Jul. 8th, 2013 09:22 am
chantico: (Rejuvinated)
It was *so* nice hosting good company for the last week. Lots of writing talk was had, stories were mutually read, and a long and relaxing 4th of July was spent in the company of old characters. It felt really, really excellent to be gaming again. I missed rolling those dice, and I missed Barty and Missy. We showed up on a mirror-planet to our original universe and stuck our noses where they didn't belong, as per usual, running afoul of the Vatican's secret time police. I *really* hope we get to continue sessions online, because this is A Good Plot.

What else did we do? Play some Rock Band, have a few writing dates, go out to eat far too much (entirely our fault. What a wonderful excuse to do things we shouldn't.) Watched Cabin in the Woods with Jen on Friday night. She reacted with as much glee as we'd hoped.

An extremely refreshing week in the social/creative categories, like a gentle coast through space post supernova.

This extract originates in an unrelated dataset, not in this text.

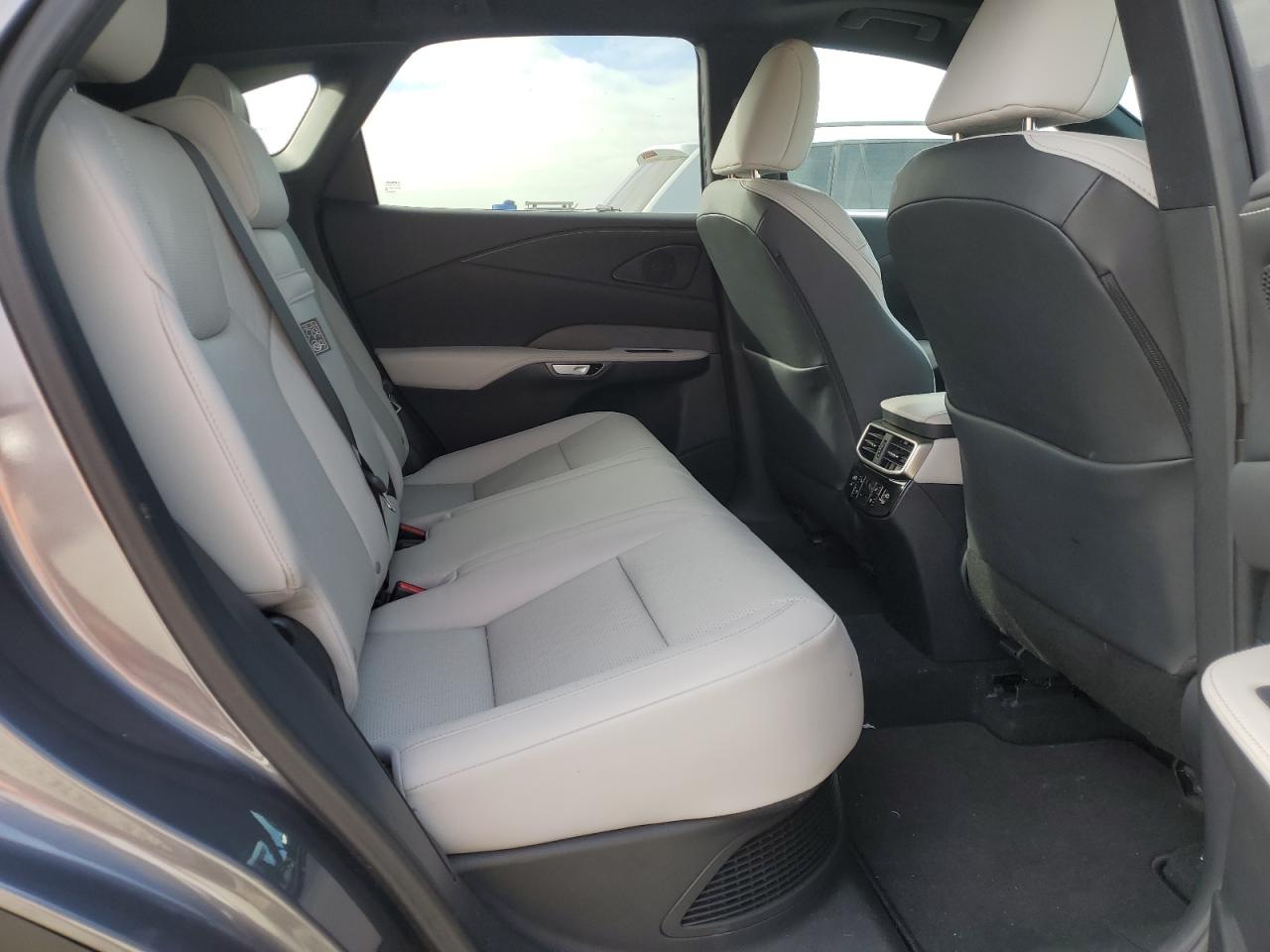 2023 Lexus RX VIN 2T2BBMCA1PC015293 Copart auction photo, front end damage thumbnail 11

Ready to buckle down and tackle more book, and start reading me some grammar guides. The story A. read had a few grammar issues that I couldn't see, so it's time to brush up on the basics and dive head first into advanced grammar.

***

All the rain means my yard looks like a jungle. I started the deforestation yesterday by going at the bigger, woodier weeds with a pair of murder-shears. All weeds shall fall and wither before my mighty will! Then I got hot an bored so, uh, no more of that. I'm so amused by how vicious yard-implements look-- weed-whips, pruning shears, lawnmowers, those horrifying instruments with the spiky, rolling things at the end. The all look like torture tools. I'm having a hard time not cackling like an inquisitor while doing yard work.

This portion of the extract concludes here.